Au même moment, la commission des finances de l'Assemblée nationale insérait dans le projet de loi budgétaire pour 2009 quelques éléments qui vont à l'encontre des volontés gouvernementales. Ainsi, la prime transport se voyait remise en question, de même que le cumul des niches fiscales et du bouclier ci-devant fiscal. Là encore, les médias jouaient les vierges effarouchées et criaient à la crise opposant le gouvernement affaibli et les deux majorités parlementaires.
Il est sans doute fondé de penser que les majorités des chambres adoptent ces comportements à cause du contexte économique et politique. Malgré les moulinets du président de la République, les difficultés du gouvernement sont réelles, et cela se voit. Je le sais dans mon domaine : les reculades de Darcos sur la réforme des lycées après une seule manifestation, certes importante, l'illustrent. Sur le primaire, il n'avait pas hésité comme cela. Les parlementaires marquent ainsi leur agacement au gouvernement et prépare d'ores et déjà les futures élections législatives.
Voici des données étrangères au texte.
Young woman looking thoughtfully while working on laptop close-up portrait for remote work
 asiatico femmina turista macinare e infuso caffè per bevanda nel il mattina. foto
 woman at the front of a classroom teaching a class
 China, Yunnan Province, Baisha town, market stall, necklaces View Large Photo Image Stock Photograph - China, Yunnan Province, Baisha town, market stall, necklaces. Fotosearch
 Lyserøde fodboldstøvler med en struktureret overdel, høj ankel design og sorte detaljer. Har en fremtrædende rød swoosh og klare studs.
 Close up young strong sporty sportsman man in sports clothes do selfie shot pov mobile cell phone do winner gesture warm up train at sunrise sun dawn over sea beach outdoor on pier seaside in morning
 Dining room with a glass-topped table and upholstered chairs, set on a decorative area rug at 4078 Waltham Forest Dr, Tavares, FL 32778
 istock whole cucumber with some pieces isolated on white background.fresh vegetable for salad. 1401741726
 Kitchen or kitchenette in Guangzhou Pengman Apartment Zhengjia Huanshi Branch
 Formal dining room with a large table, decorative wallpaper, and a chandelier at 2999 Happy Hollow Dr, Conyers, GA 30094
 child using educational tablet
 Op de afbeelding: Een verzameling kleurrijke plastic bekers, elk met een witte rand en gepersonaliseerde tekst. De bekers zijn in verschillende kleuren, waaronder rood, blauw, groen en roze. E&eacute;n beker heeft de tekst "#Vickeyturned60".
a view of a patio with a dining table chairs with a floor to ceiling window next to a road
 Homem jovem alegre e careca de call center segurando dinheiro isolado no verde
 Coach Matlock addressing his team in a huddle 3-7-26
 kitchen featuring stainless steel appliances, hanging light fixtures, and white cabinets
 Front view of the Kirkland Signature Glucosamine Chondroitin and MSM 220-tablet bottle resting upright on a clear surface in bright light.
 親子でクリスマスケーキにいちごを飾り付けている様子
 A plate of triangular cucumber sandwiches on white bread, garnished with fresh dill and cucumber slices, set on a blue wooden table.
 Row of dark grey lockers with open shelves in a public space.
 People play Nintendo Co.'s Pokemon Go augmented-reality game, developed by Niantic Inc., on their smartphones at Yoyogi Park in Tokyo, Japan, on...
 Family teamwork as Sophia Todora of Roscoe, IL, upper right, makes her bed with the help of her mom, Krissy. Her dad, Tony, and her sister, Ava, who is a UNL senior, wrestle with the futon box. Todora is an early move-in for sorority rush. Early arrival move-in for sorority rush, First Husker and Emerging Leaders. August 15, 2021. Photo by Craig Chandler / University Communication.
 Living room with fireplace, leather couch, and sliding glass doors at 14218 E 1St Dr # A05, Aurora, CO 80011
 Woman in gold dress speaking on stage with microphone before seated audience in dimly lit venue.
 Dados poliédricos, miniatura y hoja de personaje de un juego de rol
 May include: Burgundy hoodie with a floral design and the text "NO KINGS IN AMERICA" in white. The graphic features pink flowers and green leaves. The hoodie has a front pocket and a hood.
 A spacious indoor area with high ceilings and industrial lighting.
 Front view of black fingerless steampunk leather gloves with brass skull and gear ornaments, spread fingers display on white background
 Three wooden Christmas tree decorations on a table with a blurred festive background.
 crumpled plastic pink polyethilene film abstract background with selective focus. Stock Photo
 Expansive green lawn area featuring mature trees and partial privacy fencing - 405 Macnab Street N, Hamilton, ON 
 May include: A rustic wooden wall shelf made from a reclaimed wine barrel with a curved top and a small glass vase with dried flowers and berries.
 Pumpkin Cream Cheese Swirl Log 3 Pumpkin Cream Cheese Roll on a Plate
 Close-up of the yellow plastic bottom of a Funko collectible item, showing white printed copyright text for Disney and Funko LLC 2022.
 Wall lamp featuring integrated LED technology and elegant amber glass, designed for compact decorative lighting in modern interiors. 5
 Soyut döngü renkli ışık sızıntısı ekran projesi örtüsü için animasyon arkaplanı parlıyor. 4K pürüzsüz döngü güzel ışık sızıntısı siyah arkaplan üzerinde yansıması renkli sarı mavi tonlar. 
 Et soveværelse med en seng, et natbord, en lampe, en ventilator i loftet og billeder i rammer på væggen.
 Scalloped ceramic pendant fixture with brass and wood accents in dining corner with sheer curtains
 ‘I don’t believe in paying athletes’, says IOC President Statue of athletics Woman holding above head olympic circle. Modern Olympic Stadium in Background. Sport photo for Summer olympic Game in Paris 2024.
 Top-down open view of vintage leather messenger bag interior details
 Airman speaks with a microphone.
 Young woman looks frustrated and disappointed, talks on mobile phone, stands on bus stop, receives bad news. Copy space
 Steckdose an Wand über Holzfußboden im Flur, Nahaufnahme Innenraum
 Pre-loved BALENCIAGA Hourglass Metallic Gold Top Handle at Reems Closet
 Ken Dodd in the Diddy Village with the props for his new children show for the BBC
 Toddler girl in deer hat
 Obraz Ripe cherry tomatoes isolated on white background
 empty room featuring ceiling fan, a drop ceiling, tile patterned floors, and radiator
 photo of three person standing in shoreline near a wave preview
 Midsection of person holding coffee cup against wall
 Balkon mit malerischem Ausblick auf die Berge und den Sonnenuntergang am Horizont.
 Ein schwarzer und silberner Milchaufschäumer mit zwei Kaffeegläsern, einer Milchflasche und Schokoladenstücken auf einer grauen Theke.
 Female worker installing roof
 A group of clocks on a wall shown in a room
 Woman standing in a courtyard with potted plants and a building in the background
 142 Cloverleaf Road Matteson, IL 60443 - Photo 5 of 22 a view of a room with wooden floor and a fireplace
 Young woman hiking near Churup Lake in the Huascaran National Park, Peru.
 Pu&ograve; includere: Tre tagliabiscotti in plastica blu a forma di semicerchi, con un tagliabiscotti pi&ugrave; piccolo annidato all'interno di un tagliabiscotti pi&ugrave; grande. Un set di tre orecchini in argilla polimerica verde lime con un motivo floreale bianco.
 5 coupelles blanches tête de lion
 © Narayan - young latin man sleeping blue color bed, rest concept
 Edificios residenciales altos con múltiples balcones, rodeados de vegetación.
Ils pourront dire aux électeurs qu'ils n'ont pas été les moutons de ce gouvernement impopulaire.
Pourtant, les réactions des médias m'agacent. Dans une démocratie moderne, le fait que le Parlement soit parfois en désaccord avec le gouvernement n'est pas une mauvaise chose. On est plus à l'époque du Général, où un simple vote "contre" pouvait menacer le mandat des parlementaires. En cas de grave crise, l'Assemblée peut toujours renverser le gouvernement, et le président dissoudre l'Assemblée. L'échec de Chirac en 1997 lors des législatives anticipées garantit d'ailleurs que cette procédure ne sera plus utilisée qu'en cas de nécessité.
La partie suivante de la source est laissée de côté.